Task item:
Return all of the entries below, word for word. Omit each picture.

Captioned web images:
══════

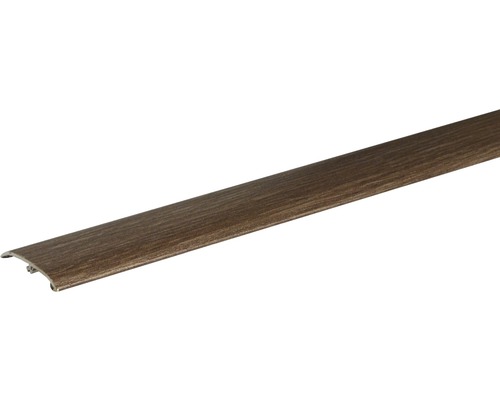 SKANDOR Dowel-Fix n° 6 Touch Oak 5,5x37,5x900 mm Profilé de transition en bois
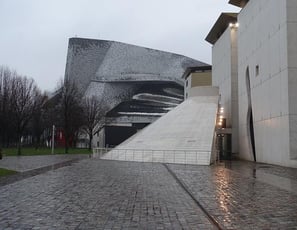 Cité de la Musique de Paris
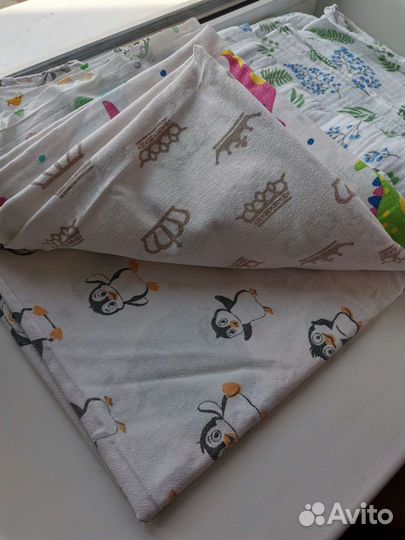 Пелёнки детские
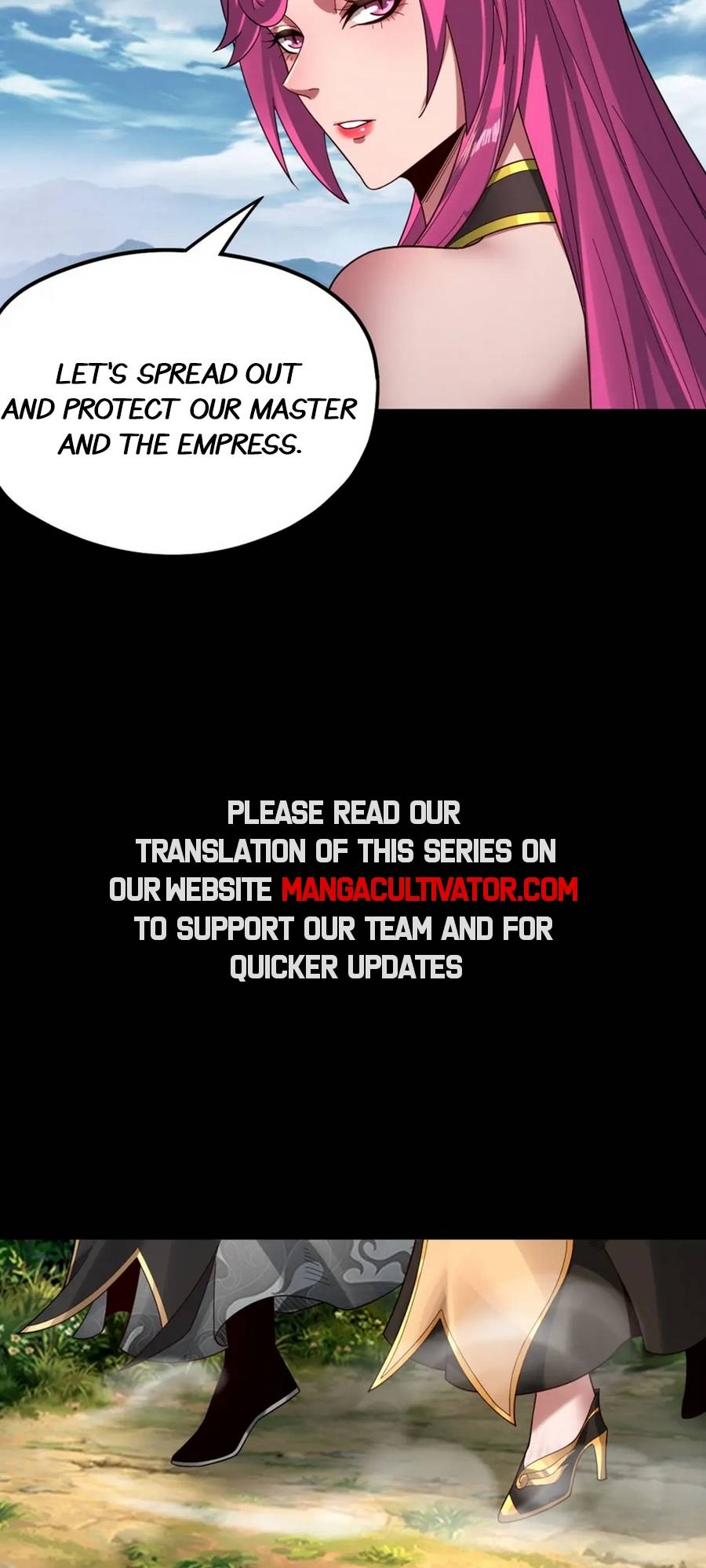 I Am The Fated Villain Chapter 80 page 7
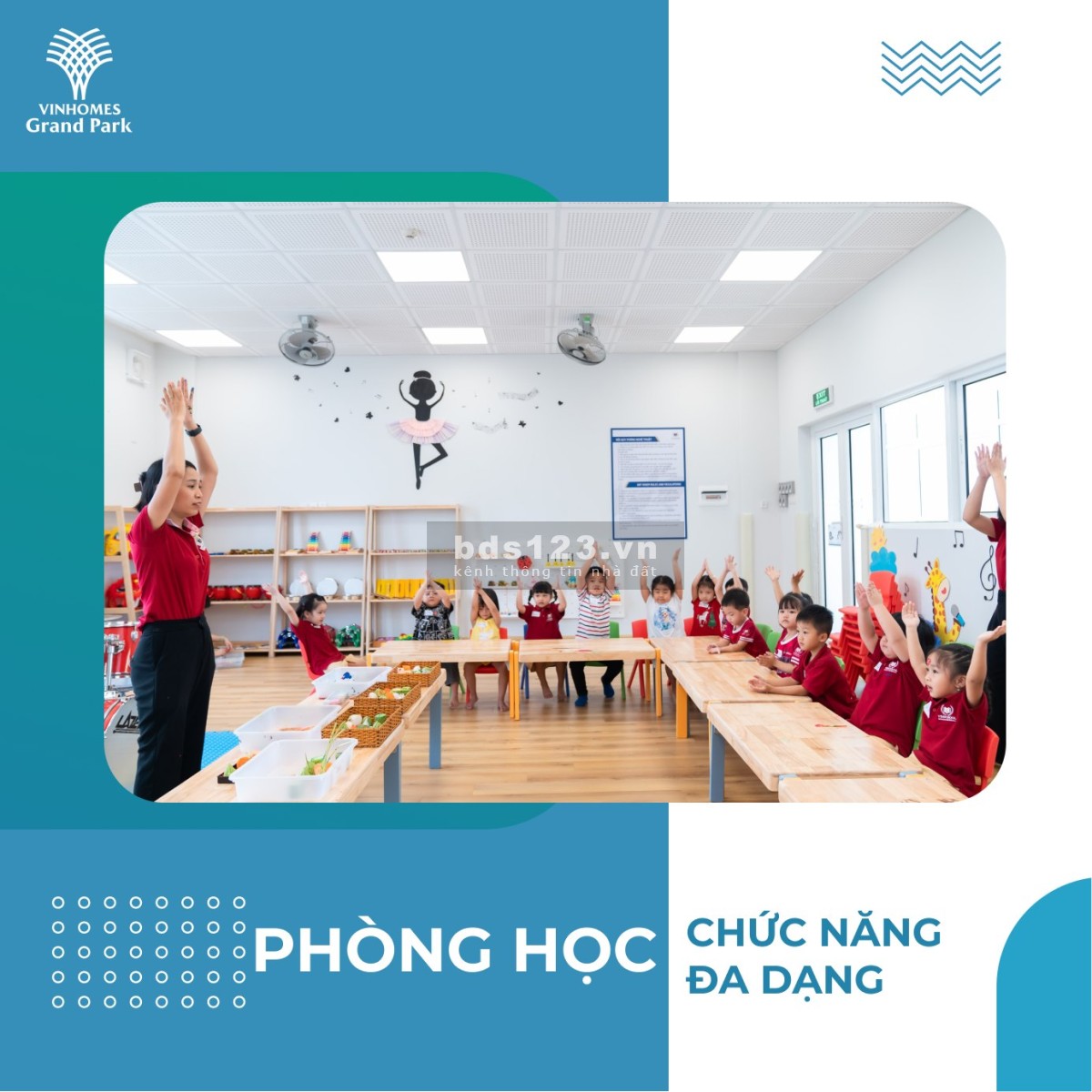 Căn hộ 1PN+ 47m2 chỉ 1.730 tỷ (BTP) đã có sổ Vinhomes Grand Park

══════

Completed task:
 SKANDOR Dowel-Fix n° 6 Touch Oak 5,5x37,5x900 mm Profilé de transition en bois
 Cité de la Musique de Paris
 Пелёнки детские
 I Am The Fated Villain Chapter 80 page 7
 Căn hộ 1PN+ 47m2 chỉ 1.730 tỷ (BTP) đã có sổ Vinhomes Grand Park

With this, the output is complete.